Claude Mythos Preview does not support forced tool use. Requests with tool_choice: { type: "any" } or tool_choice: { type: "tool", name: "..." } return a 400 error on that model. If you are targeting Mythos Preview, use tool_choice: auto and rely on prompting — the strict: true schema constraint still applies to whatever tool the model chooses to call.
Anthropic schema limitations
Anthropic’s structured outputs do not support:
- Recursive schemas
- Numerical constraints (
minimum,maximum,multipleOf) - String length constraints (
minLength,maxLength) additionalPropertiesset to anything other thanfalse
The official SDKs strip unsupported constraints client-side and move them to description fields. Numeric range and string length validation must happen in your application code. This is a meaningful limitation if your schema relies on these constraints for correctness — a z.number().min(0).max(100) silently becomes a plain number field at the API layer.
Whether the Vercel AI SDK handles Anthropic’s schema limitations gracefully when targeting Claude models is an open question. The SDK layer behavior is unverified — test it with your specific schema before relying on it in production.
Zod for type-safe parsing
Zod is the de-facto validation layer in TypeScript LLM pipelines.
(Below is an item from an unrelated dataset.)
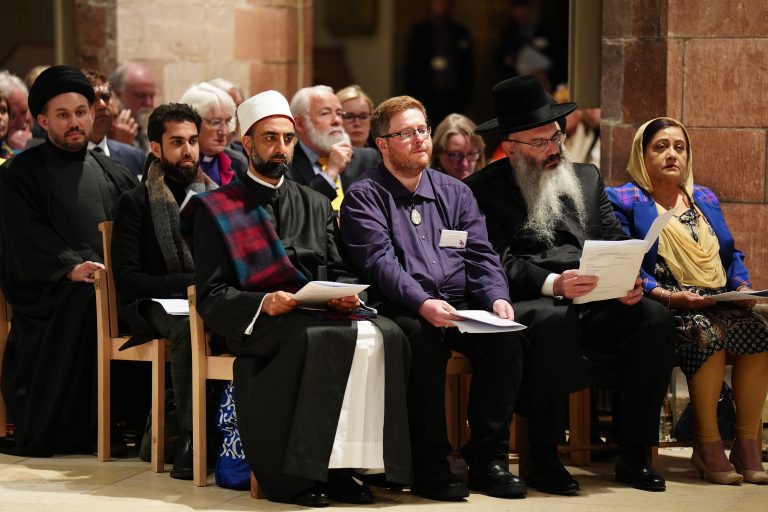 People wearing the traditional garments of members of different religious faiths sit together during an interfaith prayer service.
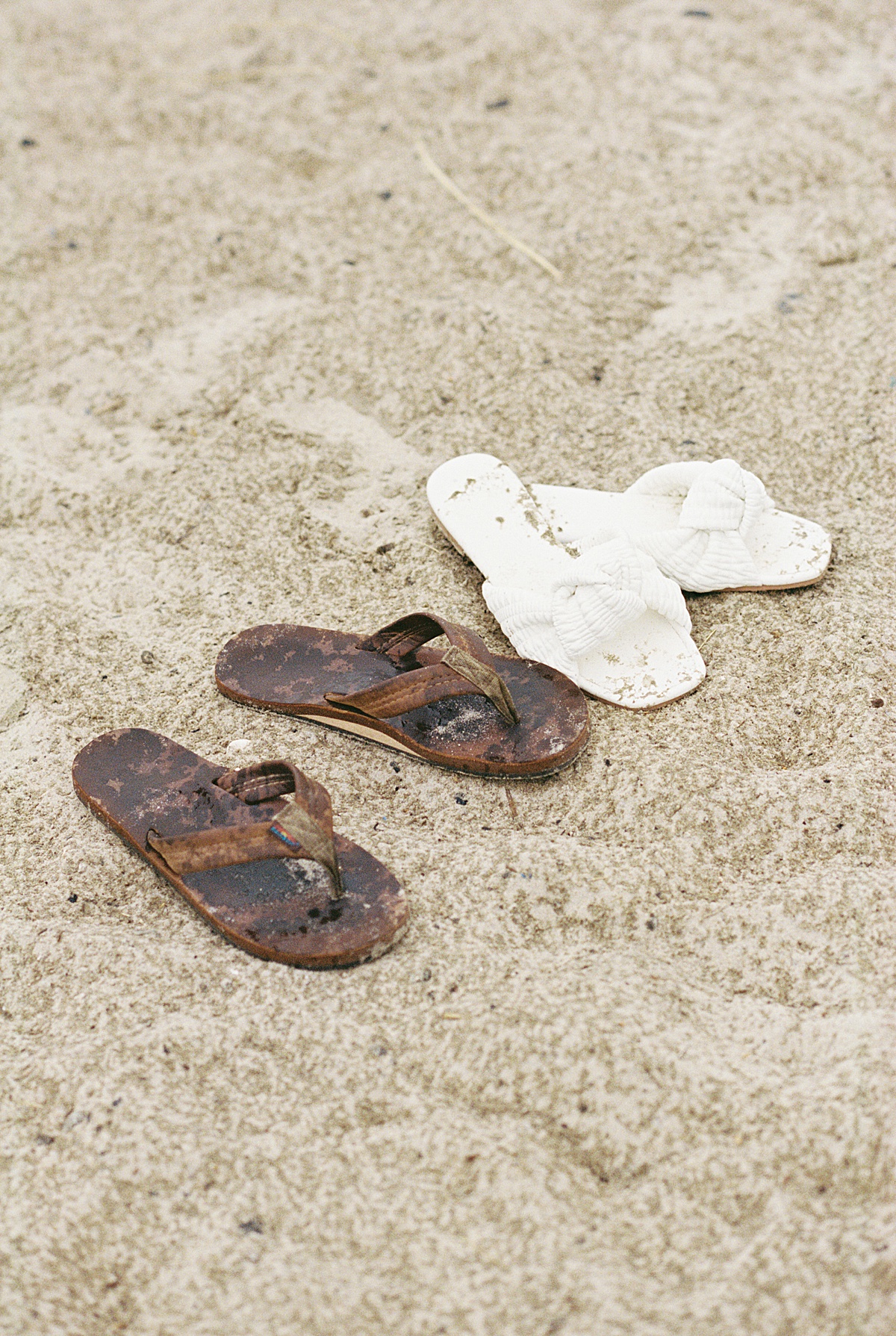 couple leave their sandals in the sand for Lynne Reznick Photography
Two methods matter:
.parse() throws on failure. It returns a strongly-typed deep clone of the input on success. Use it when schema violation is always a bug.
.safeParse() never throws. It returns a discriminated union: { success: true; data: T } | { success: false; error: ZodError }. Use it for LLM outputs where partial or invalid responses are expected.
import { z } from "zod";
const ArticleSchema = z.object({
title: z.string(),
tags: z.array(z.string()),
publishedAt: z.string().datetime(),
});
// Option A: throws — use when schema violation is always a bug
const article = ArticleSchema.parse(llmOutput);
// Option B: discriminated union — use for LLM outputs
const result = ArticleSchema.safeParse(llmOutput);
if (!result.success) {
console.error(result.error.issues);
// e.g. [{ path: ["publishedAt"], code: "invalid_string", message: "Invalid datetime" }]
} else {
const article = result.data; // fully typed
}
// Option C: async schemas require async variants
const articleAsync = await ArticleSchema.safeParseAsync(llmOutputStream);
On error, access result.error.issues (not errors — the errors alias was removed in Zod v4). Verified on v4.4.3.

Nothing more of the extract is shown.